A round of “appaws” for “Isle of Dogs”

Wes Anderson is the master of symmetry.

Not only that, he is also a magician of quirky and inventive storytelling and world-building, from the dizzying, wondrous splendor of a hotel in “The Grand Budapest Hotel” to the scenic vistas and eye-popping woods of “Moonrise Kingdom.” Anderson is capable of making anything magical, including “Fantastic Mr. Fox,” which is possibly one of the best animated films ever made. It seemed as though it could not be topped, but “Isle of Dogs” not only does that, it also serves as a striking example as to why I love cinema.

“Isle of Dogs” is initially set in the dystopian land of Megasaki City in Uni Prefecture.  The new mayor of Megasaki City, Kobayashi (Kunichi Nomura), decides to sign an executive order to move the entire island’s canine population to the nearby Trash Island in the name of preventing disease. Kobayashi personally sends off the first to the Island, his nephew Atari’s (Koyu Rankin) dog, and all the dogs are sent away. Months later, a forlorn Atari steals a jet in order to go to Trash Island to find his dog Spots, through the reluctant help of other dogs, specifically Chief (Bryan Cranston), Rex (Edward Norton), King (Bob Balaban), Boss (Bill Murray), Duke (Jeff Goldblum) and Nutmeg (Scarlett Johansson).

With a fantastic soundtrack by Alexandre Desplat introducing you to a beautifully crafted world, you know you are in for a wondrous ride. All the intricate details in the buildings, transportation and character design are obvious; everything looks and seems so marvelous and continues to stay that way, even down to the subtler and quieter moments of the film.  

Much respect goes out to not only Wes Anderson, but to all the animators, prop and set designers and production heads who aided him in crafting a wholly believable world down to the tiniest details.
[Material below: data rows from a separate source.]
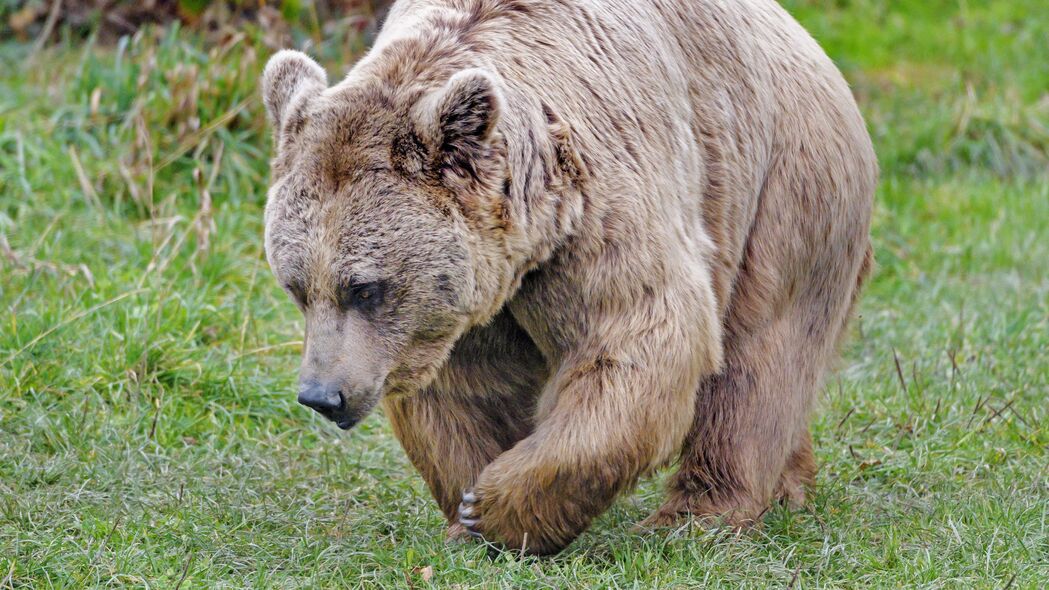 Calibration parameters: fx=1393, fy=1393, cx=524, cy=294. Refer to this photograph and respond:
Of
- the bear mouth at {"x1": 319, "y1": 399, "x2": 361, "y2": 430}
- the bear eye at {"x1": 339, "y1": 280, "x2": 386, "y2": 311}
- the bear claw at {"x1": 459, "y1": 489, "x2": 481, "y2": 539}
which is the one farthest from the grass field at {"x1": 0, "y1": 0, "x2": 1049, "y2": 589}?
the bear eye at {"x1": 339, "y1": 280, "x2": 386, "y2": 311}

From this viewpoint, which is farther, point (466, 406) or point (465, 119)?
point (466, 406)

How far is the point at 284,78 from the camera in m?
4.39

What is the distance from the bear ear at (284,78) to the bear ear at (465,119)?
0.57 metres

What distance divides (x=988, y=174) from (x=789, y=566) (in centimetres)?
605

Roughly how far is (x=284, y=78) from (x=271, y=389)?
6.46ft

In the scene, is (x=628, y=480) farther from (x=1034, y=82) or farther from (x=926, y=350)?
(x=1034, y=82)

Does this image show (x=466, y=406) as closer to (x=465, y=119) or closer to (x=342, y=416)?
(x=342, y=416)

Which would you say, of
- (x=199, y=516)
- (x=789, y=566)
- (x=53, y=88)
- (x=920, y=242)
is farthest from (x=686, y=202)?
(x=53, y=88)

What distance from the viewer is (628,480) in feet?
14.0

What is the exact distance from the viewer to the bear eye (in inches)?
156

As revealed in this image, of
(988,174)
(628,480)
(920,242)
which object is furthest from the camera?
(988,174)

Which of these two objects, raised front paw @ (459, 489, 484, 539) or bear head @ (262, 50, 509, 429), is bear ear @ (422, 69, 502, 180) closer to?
bear head @ (262, 50, 509, 429)

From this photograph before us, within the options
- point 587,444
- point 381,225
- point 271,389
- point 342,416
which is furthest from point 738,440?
point 271,389

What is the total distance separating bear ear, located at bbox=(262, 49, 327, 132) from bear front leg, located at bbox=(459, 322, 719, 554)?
1190mm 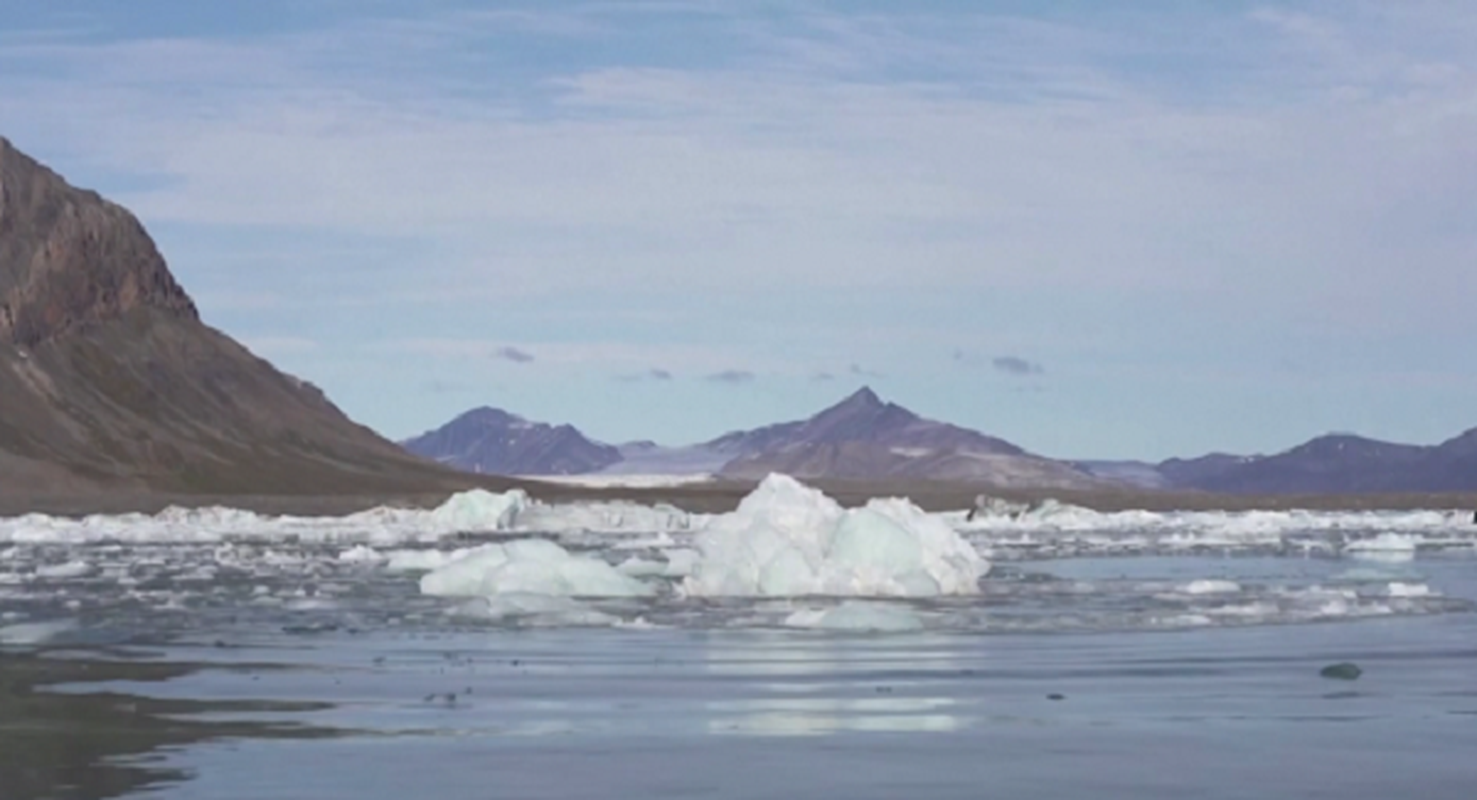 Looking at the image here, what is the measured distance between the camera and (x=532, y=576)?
3231 centimetres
Even the Island’s trash pieces stand out from each other.

There is a degree of love and care in this film that you rarely see in other animated films, and even in live-action ones. 

The voice acting is enjoyable, as every single actor gives it their all to voicing their characters and no one ever seems to be miscast in their given roles. The idea to translate the Japanese characters’ dialogue through the use of in-film interpreters and machinery rather than subtitles was also a nice touch that hopefully does not dissuade some audiences. The film is still quite easy to follow without English subtitles for most of the film.  

The creative ingenuity of the film’s story and setting is also a master stroke, as it all fits together perfectly, with gorgeous cinematography, captivating and humorous writing and a deadpan sense of wittiness all being present. He also provides an endearing and magnetic look at the beauty of the relationship between not just a boy and his dog(s), but of how dogs are always to be counted on for companionship.

Beautifully told, marvelously crafted and uplifted even more with an endearing message, Wes Anderson and company have crafted yet another masterpiece, and the best film of 2018 so far.